We could use similar rationale to treat Prostate Cancer. Prostate is walnut size gland in the male reproductive system. The Prostate Cancer is called the Prostate adenocarcinoma. As I said above, the mutation in the BRCA2 gene is responsible for causing Prostate cancer. After diagnosis, prostate cancer spread fast, and most patients die within two to three years. Every year almost a quarter million men would be diagnosed with prostate cancer and more than thirty-three thousand would die from Prostate Cancer. High level of male hormone testosterone is responsible for causing mutation in SPOP and FOX1 genes.
Mutations responsible for causing prostate cancers to have been identified in 333 patients and 90 percent of the prostate cancers are identified as clinically localized tumors. Sequencing prostate tumor showed that these alterations include DNA methylation which inhibits gene expression, somatic copy-number alteration, and the number of a gene in a cell. This diagnosis will lead to their treatment.

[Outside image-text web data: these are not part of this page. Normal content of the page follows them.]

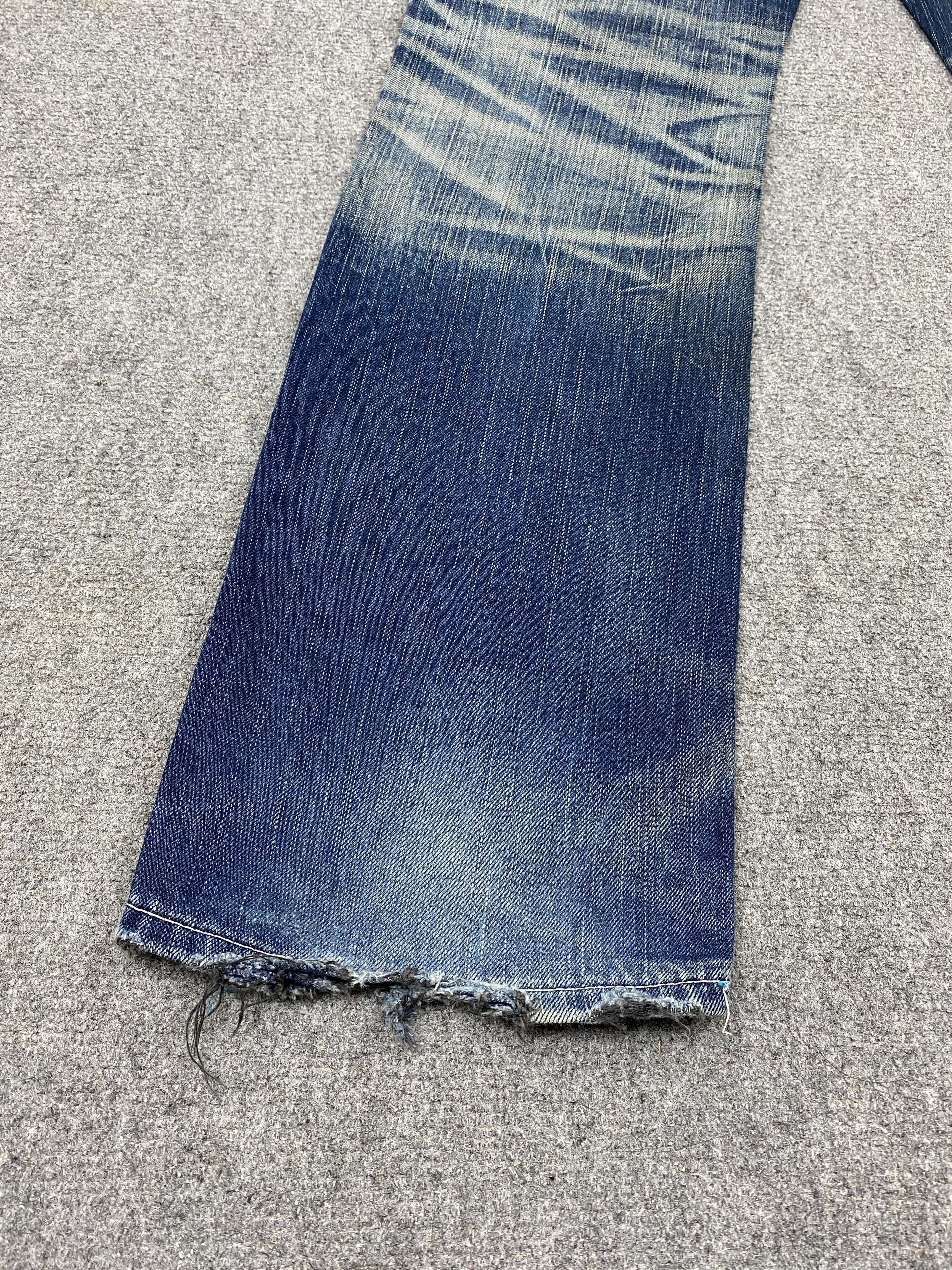 Japanese Brand × Vanquish × Vintage Vintage 90s Vanquish Gold Faded Blue Patch Work Jeans Size US 33 - 16 Thumbnail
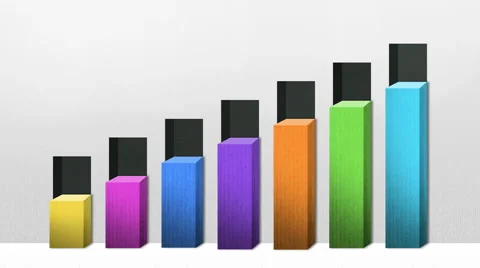 Seven 3D square bar Chart, Increase economic graph (included alpha) Video stock 62682160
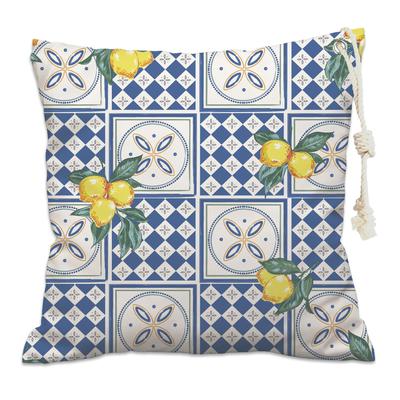 Dekokissen QUEENCE "Mosaik, Kachel Zitronen", bunt (bunt, bedruckt, gemustert), B:40cm L:40cm, Polyester, Baumwolle, Dekokissen_Sitzkissen_Kissenhüllen, Outdoor-Kissen mit Öse und dicker Stoffkordel Image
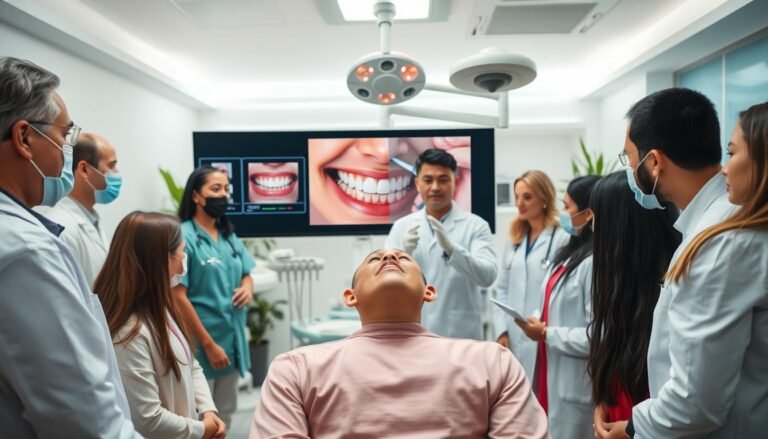 A clinical setting showcasing the results of the Du Yagen principle's treatment effects. In the foreground, a diverse group of healthcare professionals in professional attire, such as lab coats or business casual clothing, observes a high-resolution digital screen displaying before-and-after images of patient cases. In the middle, a patient center stage, displaying clear improvements in dental health, while a dentist visually explains the treatment process with tools nearby. The background features a modern dental clinic with bright, clean lighting, equipment neatly arranged, and plants adding a touch of warmth. The mood is professional and optimistic, highlighting successful treatment outcomes and collaboration in the healthcare field. The angle captures the interaction between the professionals and the patient, emphasizing engagement and expertise.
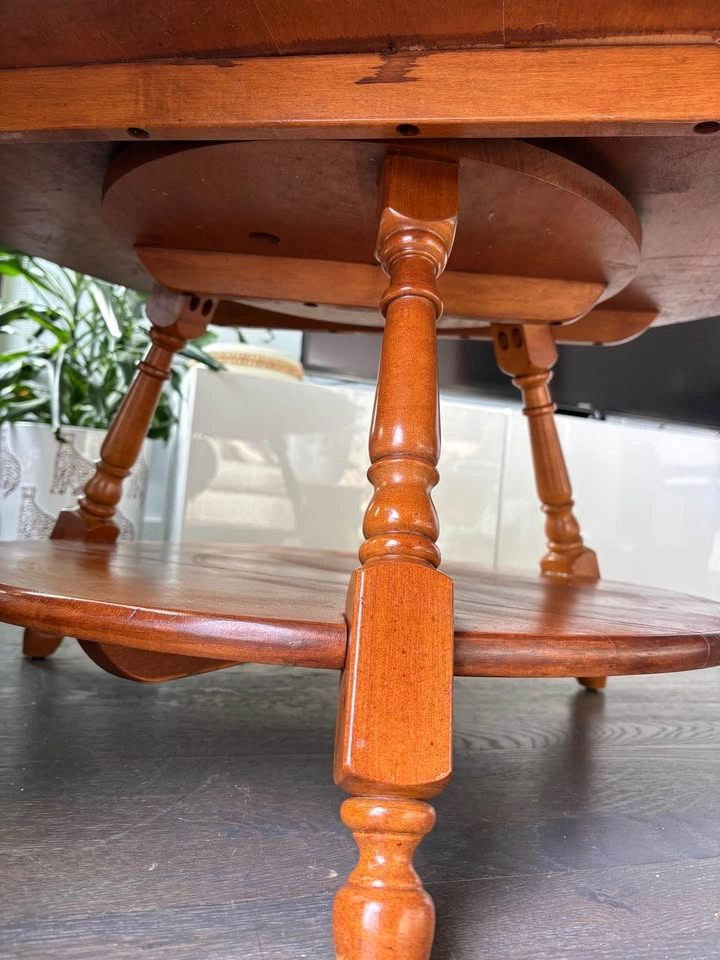 Vintage Wood Table with Carrara Marble Lazy Susan - photo 3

Over a quarter of a century of our experience, we demonstrated that using the dye dinitro benzamide and by attaching Aziridine moiety, we made CB1954 that could wipe out an aggressive, solid tumor like Walker Carcinoma 256 in Rats and by using Quinone we made AZQ as a carrier for Aziridine, we could transport alkylating Aziridine and Carbamate across Blood Brain Barrier and attack Glioblastoma in humans which not only stop growing Glioblastoma, but also start shrinking the tumor. We need to train an army of young scientists to think rationally to design drug to treat cancers based on the Genome Sequencing and identifying mutations on all abnormal cells. I have been invited to speak on rational drug design at the International Conferences in eleven different countries. My aim is to train a new generation of scientists to identify harmful mutations. Once identified, we can either use highly toxic pure drug like Nitrogen Mustard to shut off the gene or we could use nontoxic Prodrug like AZQ to treat cancer.